# 2011 Federal Budget



## Ben (Apr 9, 2011)

So how much funding is there for rail in the 2011 federal budget?


----------



## afigg (Apr 9, 2011)

The numbers have not been publicized yet as far as I know. The only info that was posted last night was that $1.5 billion was cut from HSIPR (High Speed and Intercity Passenger Rail). This is probably from $2.5 billion which was in the appropriations bill that originally passed the House last fall, so the HSIPR funding for FY2011 may be $1 billion. But I'm just guessing at this point - and after this much last minute deal making, possibly the congressional staff working on the language of the bill to be voted on are scratching their heads today, trying to remember if was this supposed to be $1 billion or was it $2 billion in this paragraph?

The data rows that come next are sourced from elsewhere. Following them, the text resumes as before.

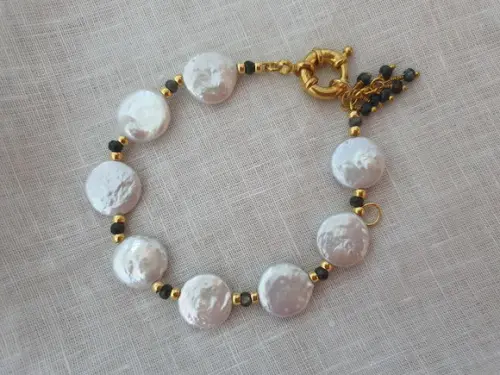 Pulseira de Pérolas Naturais e Labadoritas Semijoia
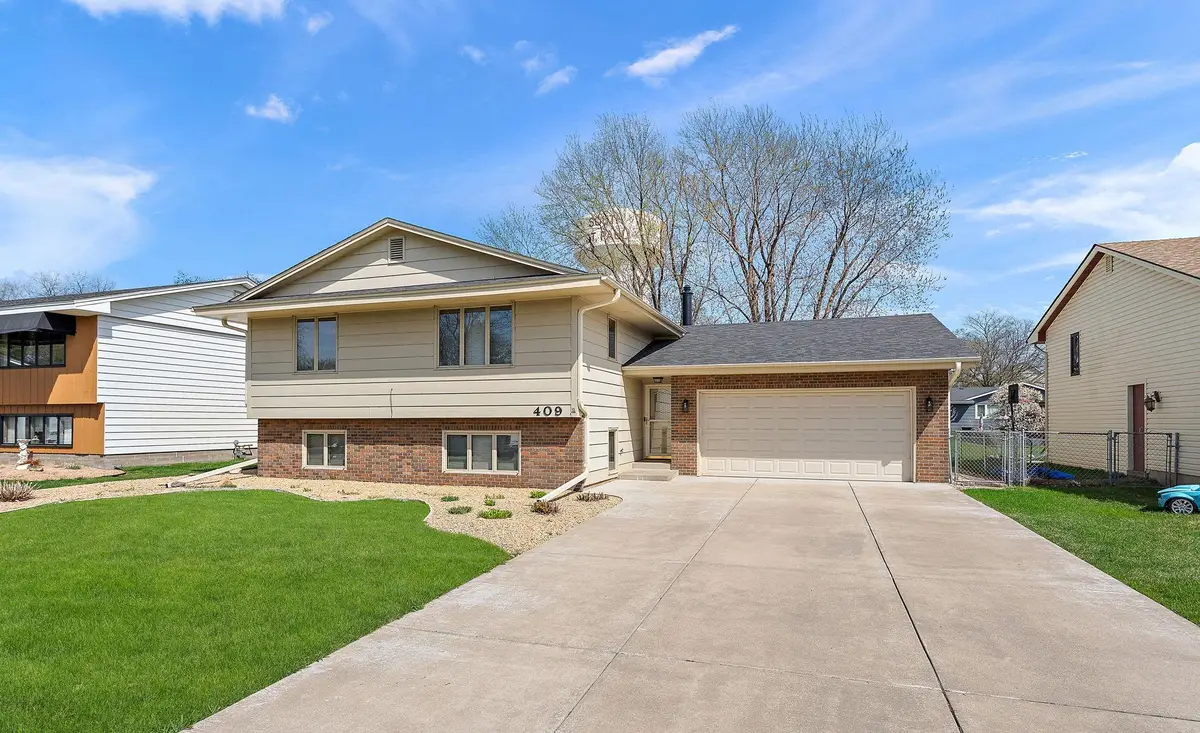 409 19th Avenue S, South Saint Paul, MN 55075 - #1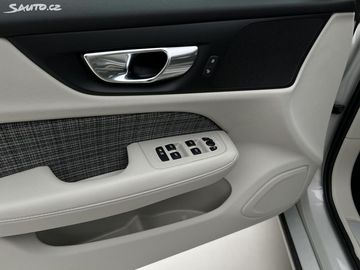 Car image 35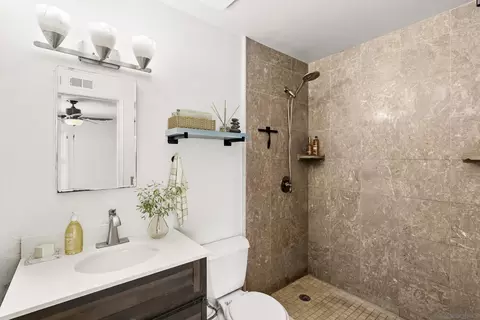 13024 Standish, Poway, CA 92064 photo 19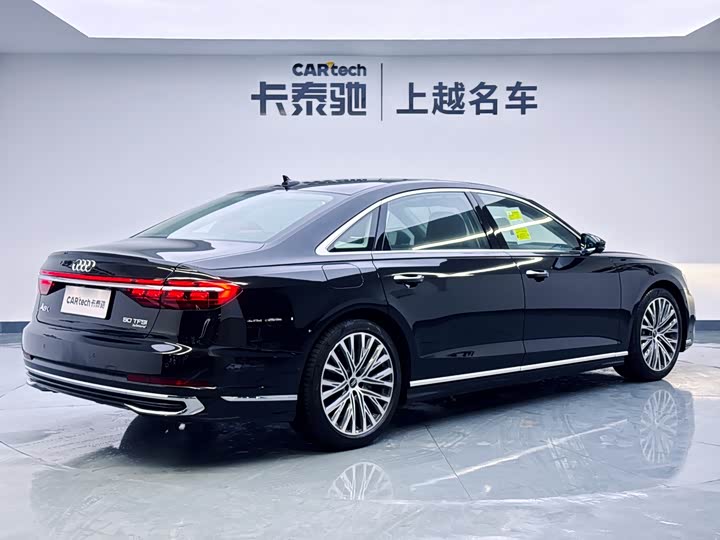 Фото 5 - Audi A8
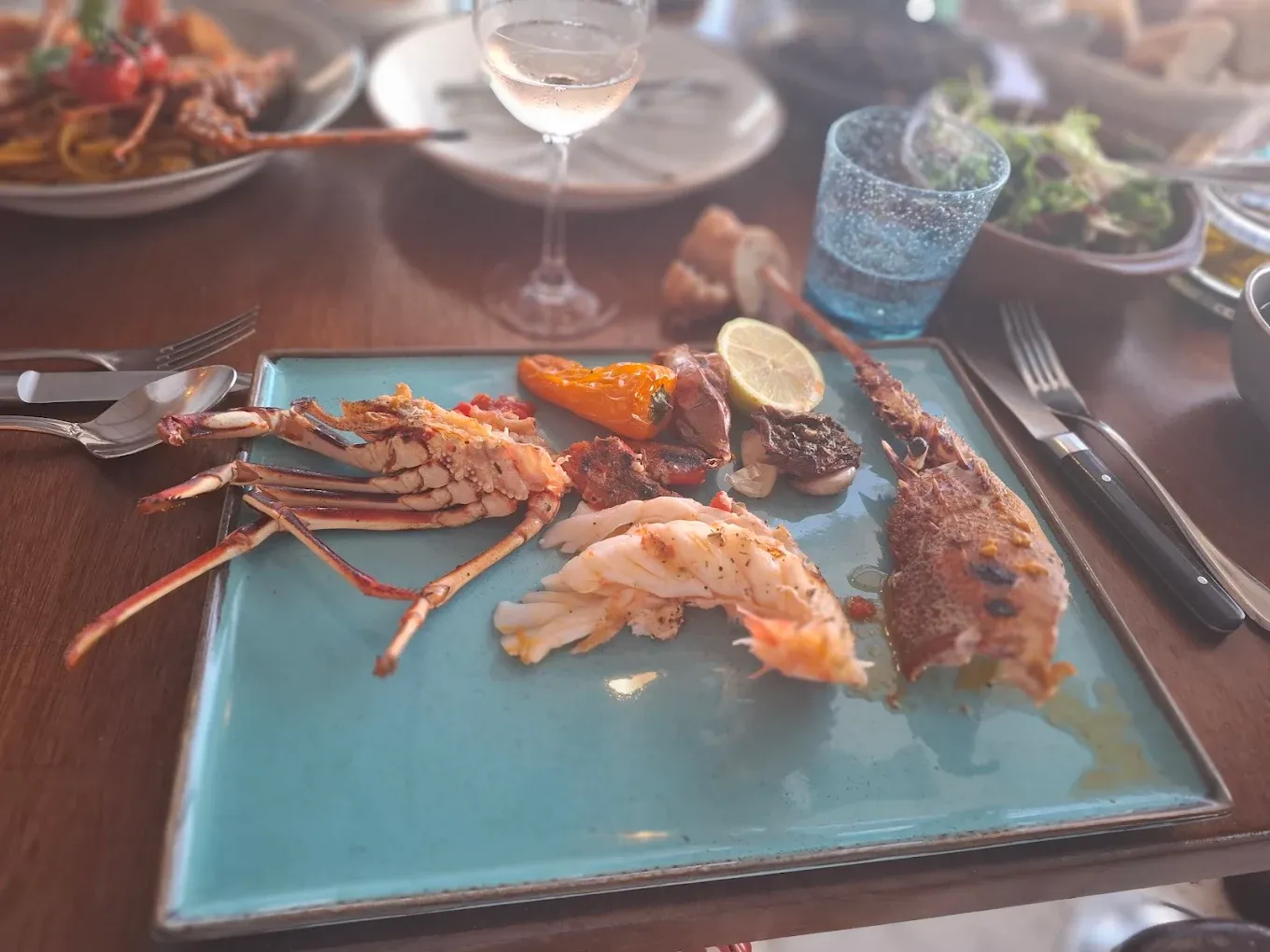 Langouste grillée de pêche locale au Bistrot Loudet, restaurant à Saint-Raphaël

No idea how much Amtrak ended up with. The FY2011 appropriations bill that almost made through the Senate last December had, IIRC, close to $300 million for Amtrak above the FY2010 amounts for capital funding. But, after the attempts in the House to severely slash the Amtrak funding which failed, don't know where it all ended up. Likely will find out in a few days once the appropriations bill has been posted so the Congresscritters can read it to vote on. However, there is the possibility that the budget deal that was struck last night won't get passed by the House.


----------